▶ [PROBLEM TO SOLVE]
Would you repeat every line of the data exactly?

▶ [DATASET EXTRACT]
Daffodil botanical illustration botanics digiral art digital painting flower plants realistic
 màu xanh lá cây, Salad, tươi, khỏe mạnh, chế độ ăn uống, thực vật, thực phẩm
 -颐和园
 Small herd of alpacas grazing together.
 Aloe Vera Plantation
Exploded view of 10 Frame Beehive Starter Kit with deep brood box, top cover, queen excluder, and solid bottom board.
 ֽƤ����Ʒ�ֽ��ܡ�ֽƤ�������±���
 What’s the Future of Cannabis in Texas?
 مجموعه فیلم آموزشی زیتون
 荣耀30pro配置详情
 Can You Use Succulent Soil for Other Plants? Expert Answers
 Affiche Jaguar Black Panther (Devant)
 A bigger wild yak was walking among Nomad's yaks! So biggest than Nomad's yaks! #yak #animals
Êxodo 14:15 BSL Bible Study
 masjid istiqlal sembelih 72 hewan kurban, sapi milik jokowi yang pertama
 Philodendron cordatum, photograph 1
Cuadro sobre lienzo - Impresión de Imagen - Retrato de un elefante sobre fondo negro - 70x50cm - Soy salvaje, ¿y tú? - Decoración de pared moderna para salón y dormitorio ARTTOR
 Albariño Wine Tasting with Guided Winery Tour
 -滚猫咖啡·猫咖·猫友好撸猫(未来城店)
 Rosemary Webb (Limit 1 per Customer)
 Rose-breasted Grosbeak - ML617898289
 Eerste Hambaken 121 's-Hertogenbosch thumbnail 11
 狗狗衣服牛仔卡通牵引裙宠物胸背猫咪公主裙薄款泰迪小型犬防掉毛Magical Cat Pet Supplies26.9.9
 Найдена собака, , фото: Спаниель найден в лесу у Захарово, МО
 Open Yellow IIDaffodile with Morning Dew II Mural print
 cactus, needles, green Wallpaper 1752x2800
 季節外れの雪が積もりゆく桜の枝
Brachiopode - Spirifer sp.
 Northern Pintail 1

▶ [ANSWER]
Daffodil botanical illustration botanics digiral art digital painting flower plants realistic
 màu xanh lá cây, Salad, tươi, khỏe mạnh, chế độ ăn uống, thực vật, thực phẩm
 -颐和园
 Small herd of alpacas grazing together.
 Aloe Vera Plantation
Exploded view of 10 Frame Beehive Starter Kit with deep brood box, top cover, queen excluder, and solid bottom board.
 ֽƤ����Ʒ�ֽ��ܡ�ֽƤ�������±���
 What’s the Future of Cannabis in Texas?
 مجموعه فیلم آموزشی زیتون
 荣耀30pro配置详情
 Can You Use Succulent Soil for Other Plants? Expert Answers
 Affiche Jaguar Black Panther (Devant)
 A bigger wild yak was walking among Nomad's yaks! So biggest than Nomad's yaks! #yak #animals
Êxodo 14:15 BSL Bible Study
 masjid istiqlal sembelih 72 hewan kurban, sapi milik jokowi yang pertama
 Philodendron cordatum, photograph 1
Cuadro sobre lienzo - Impresión de Imagen - Retrato de un elefante sobre fondo negro - 70x50cm - Soy salvaje, ¿y tú? - Decoración de pared moderna para salón y dormitorio ARTTOR
 Albariño Wine Tasting with Guided Winery Tour
 -滚猫咖啡·猫咖·猫友好撸猫(未来城店)
 Rosemary Webb (Limit 1 per Customer)
 Rose-breasted Grosbeak - ML617898289
 Eerste Hambaken 121 's-Hertogenbosch thumbnail 11
 狗狗衣服牛仔卡通牵引裙宠物胸背猫咪公主裙薄款泰迪小型犬防掉毛Magical Cat Pet Supplies26.9.9
 Найдена собака, , фото: Спаниель найден в лесу у Захарово, МО
 Open Yellow IIDaffodile with Morning Dew II Mural print
 cactus, needles, green Wallpaper 1752x2800
 季節外れの雪が積もりゆく桜の枝
Brachiopode - Spirifer sp.
 Northern Pintail 1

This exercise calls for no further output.